[cpp-threads] Comments on n2094

Fri Sep 29 23:50:13 BST 2006

Peter Dimov wrote:
> Some brief comments:
> 
> Ion Gaztañaga wrote:
> 
>> a) The first consequence is that implementing an upgradable_mutex
>> using the suggested two condition variables + a mutex is not correct,
>> since all operations (including unlock()) will need to lock the
>> internal mutex, and that internal mutex locking can throw. Not that
>> this is worries me much, but it's a bit annoying.
> 
> This is only a problem if mutex::lock can succeed once and fail the 
> second time. This is usually not true for designs where failure comes 
> from allocating resources on first lock.

I'm taking some code snippets from the paper "Futexes Are Tricky" 
(http://people.redhat.com/drepper/futex.pdf) where glibc/linux mutex 
implementation philosophy is sketched. For example, a mutex is 
constructed with just an integer member:

class mutex
{
    public:

    mutex()
       :   val(0)
    {}

    void lock()
    {
       int c;
       if((c = compxchg(val, 0, 1)) != 0) {
          if(c != 2)
             c = xchg(val, 2);
          while(c != 0){
             futex_wait(&val, 2);
             c = xchg(val, 2);
          }
       }
    }

    void unlock()
    {
       if(atomic_dec(val) != 1){
          val = 0;
          futex_wake(&val, 1);
       }
    }

    private:

    int val;
};

The key is that the mutex does not store any resource handle.
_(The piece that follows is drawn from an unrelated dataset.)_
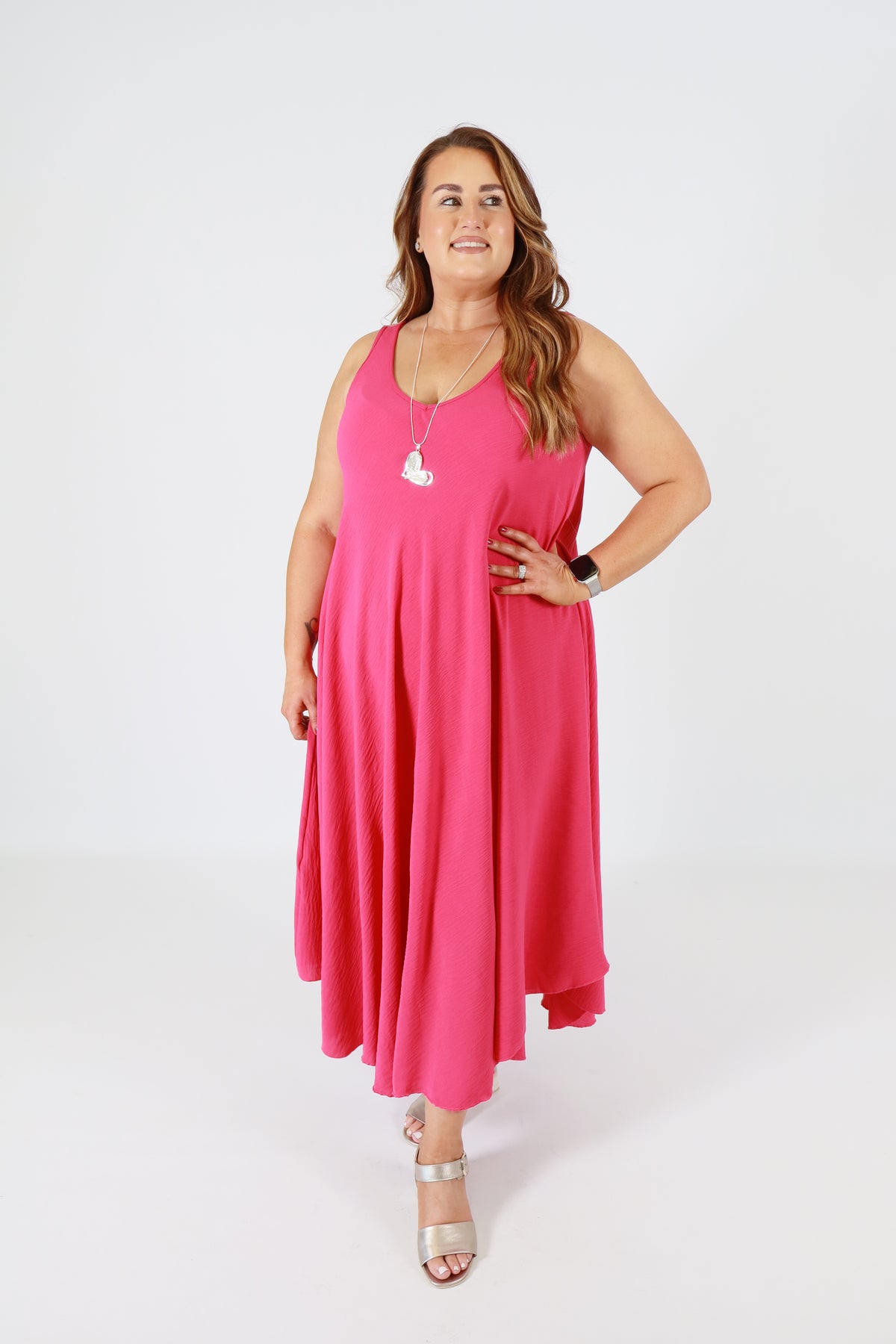 Aimee Dress in Fuchsia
If there 
is no contention, no kernel call is made. When there is contention, a 
kernel call is made and that's when the race is solved and resources are 
acquired. We might think that we can have an additional atomic flag in 
the mutex to acquire resources in the first lock() call and then set the 
flag indicating that resources are already there. However, this 
disallows using the mutex as a process-shared mutex because once the 
file where mutex is constructed is remapped the information is not 
correct. On the other hand, the shown mutex can be used as a 
process-shared mutex, but resources could be acquired at any moment, 
when there is contention and we need to queue the thread in the kernel.
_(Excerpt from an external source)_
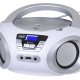 Trevi STEREO PORTATILE BOOMBOX CD WIRELESS USB AUX-IN CMP 544 BT BIANCO 2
I've just realized that a thread can only be blocked in a single kernel 
synchronization object so the kernel can allocate a single queue 
resource compatible with all synchronization resources per thread when 
the thread is created and use it when the thread needs to block on a 
mutex/semaphore/condition. The resource is cached for that thread again 
and it's always available so we might avoid any resource acquisition 
error, even when lazy initialization is used. The same resource can be 
transferred from a condition variable kernel queue to a mutex queue when 
the condition is signaled and the thread relocks the external mutex.

This still does not solve the EDEADLK problem, though. But without 
EDEADLOCK, maybe a no-throw mutex lock can be guaranteed. Revising 
linux, futex system call (http://ds9a.nl/futex-manpages/futex2.html):

"All operations may return -EINVAL in case of unaligned futexes, as well 
as -EFAULT, -EPERM, -EACCESS when passing pointers to bad or 
inaccessible memory."

So it seems that the system call can't fail due to resource constraints. 
We suppose that we always pass aligned integers to the system call when 
using mutexes so we can ignore the rest of errors or just abort if that 
happens. A no-throw mutex lock simplifies things a lot.
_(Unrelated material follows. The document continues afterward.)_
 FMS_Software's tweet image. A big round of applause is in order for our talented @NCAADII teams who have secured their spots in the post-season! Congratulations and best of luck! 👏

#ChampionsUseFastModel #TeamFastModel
>> 0.1 Condition variables
>> ------------------------
>>
>> Condition variables and exceptions are a very tricky combination,
>> IMHO. In this proposal, the situation is more tricky, since condition
>> variables can work with user-defined mutexes (which is a great
>> feature). If mutex locking can throw, that means that condition wait
>> can also throw, since it must lock the mutex after it's been
>> notified.
> 
> condition::wait is a cancelation point and it can fail with EINVAL or 
> EPERM, so it doesn't matter whether locking a mutex can throw; 
> condition::wait can throw.
> 
>> What is the user supposed to do if a condition throws? Can the user
>> recover resources and try it again? Can we guarantee that the mutex
>> will be always relocked?
> 
> POSIX says yes. The mutex is in a locked state when pthread_cond_wait 
> "throws" a cancelation exception or returns an error.

Agreed. The key is that N2094 outlines a condition that is compatible 
with user-defined mutexes, so we need to state clearly a protocol to 
guarantee a no-throw mutex relock, or just require a no-throw lock() 
function.

Regards,

Ion